● TO DO: A faithful copy of every record is needed here. Images must not appear in it.
[[ TASK INPUT, beginning ]]
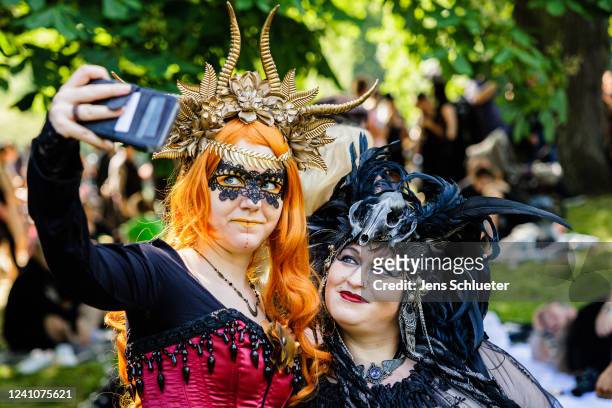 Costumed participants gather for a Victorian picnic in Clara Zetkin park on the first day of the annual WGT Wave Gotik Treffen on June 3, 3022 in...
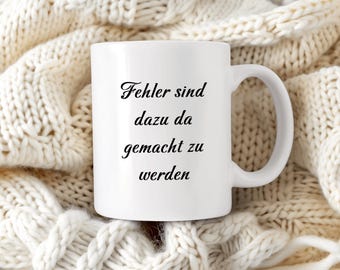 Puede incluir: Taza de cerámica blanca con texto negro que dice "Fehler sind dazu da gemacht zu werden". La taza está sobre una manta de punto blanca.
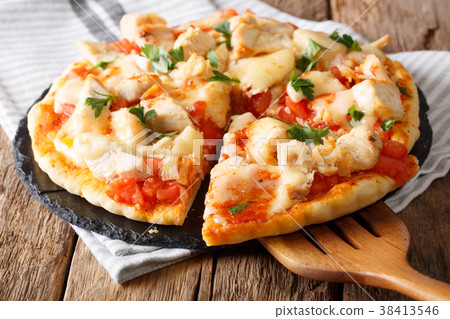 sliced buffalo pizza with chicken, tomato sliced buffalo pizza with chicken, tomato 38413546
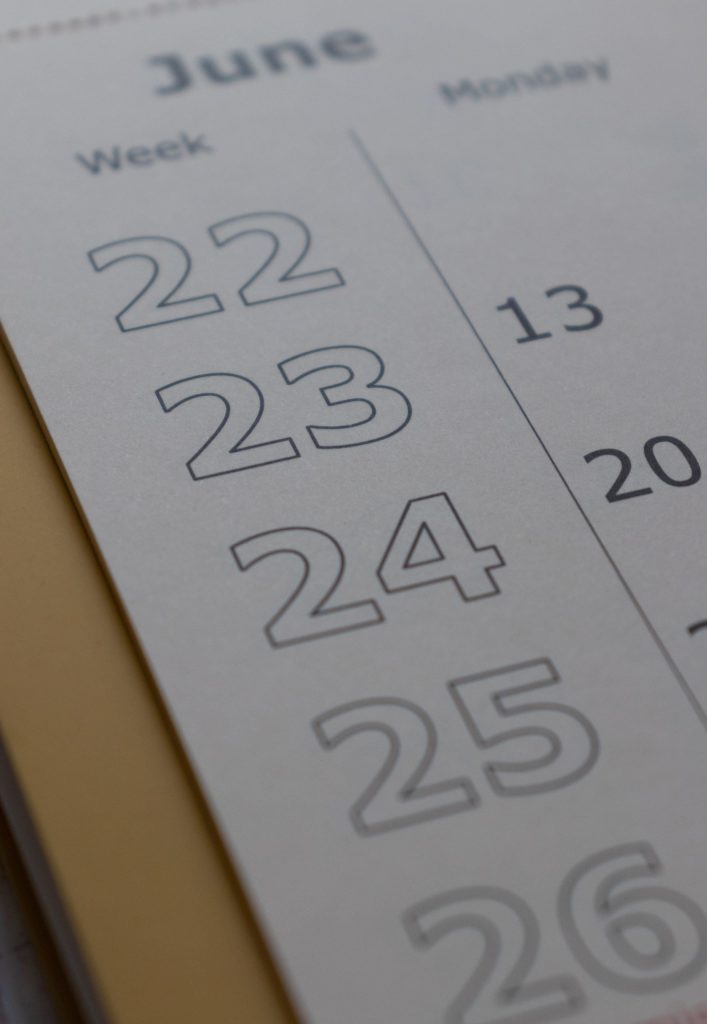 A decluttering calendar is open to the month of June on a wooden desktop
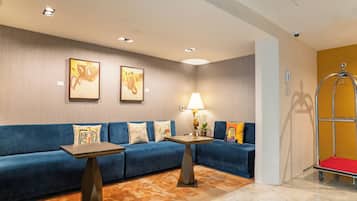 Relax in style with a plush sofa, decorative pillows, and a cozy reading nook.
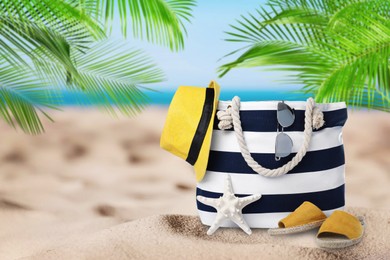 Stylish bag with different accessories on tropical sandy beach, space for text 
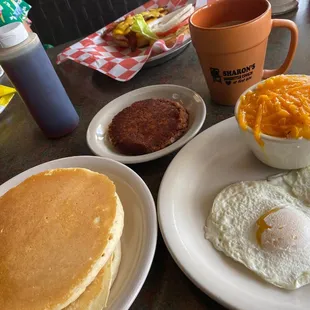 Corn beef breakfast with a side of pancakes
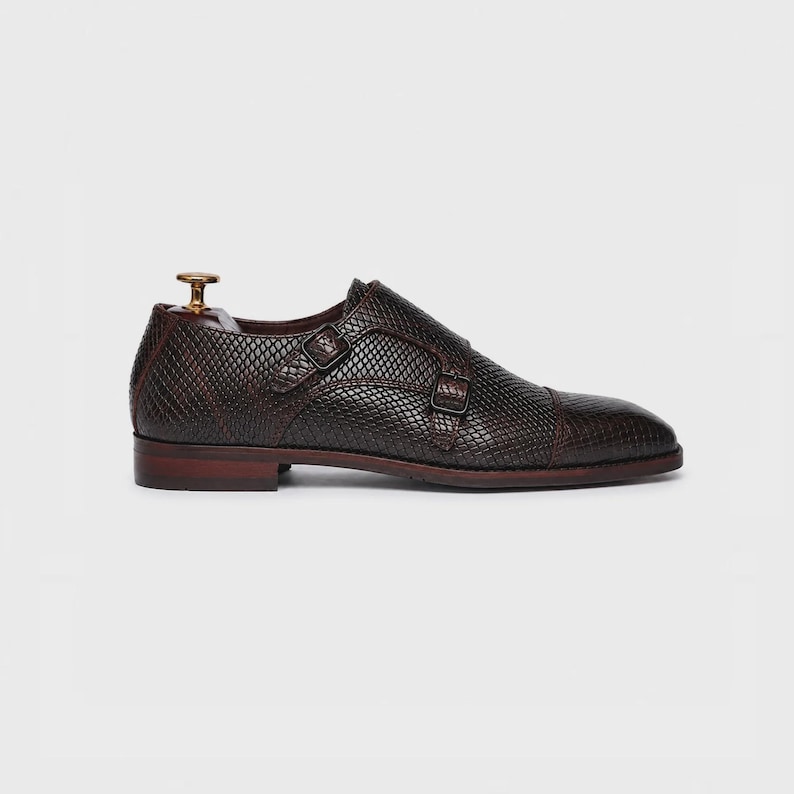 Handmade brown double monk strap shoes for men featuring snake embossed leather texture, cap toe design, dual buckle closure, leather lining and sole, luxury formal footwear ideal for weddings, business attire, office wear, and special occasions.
[[ TASK INPUT, end ]]
● THE COMPLETED TASK:
 Costumed participants gather for a Victorian picnic in Clara Zetkin park on the first day of the annual WGT Wave Gotik Treffen on June 3, 3022 in...
 Puede incluir: Taza de cerámica blanca con texto negro que dice "Fehler sind dazu da gemacht zu werden". La taza está sobre una manta de punto blanca.
 sliced buffalo pizza with chicken, tomato sliced buffalo pizza with chicken, tomato 38413546
 A decluttering calendar is open to the month of June on a wooden desktop
 Relax in style with a plush sofa, decorative pillows, and a cozy reading nook.
 Stylish bag with different accessories on tropical sandy beach, space for text 
 Corn beef breakfast with a side of pancakes
 Handmade brown double monk strap shoes for men featuring snake embossed leather texture, cap toe design, dual buckle closure, leather lining and sole, luxury formal footwear ideal for weddings, business attire, office wear, and special occasions.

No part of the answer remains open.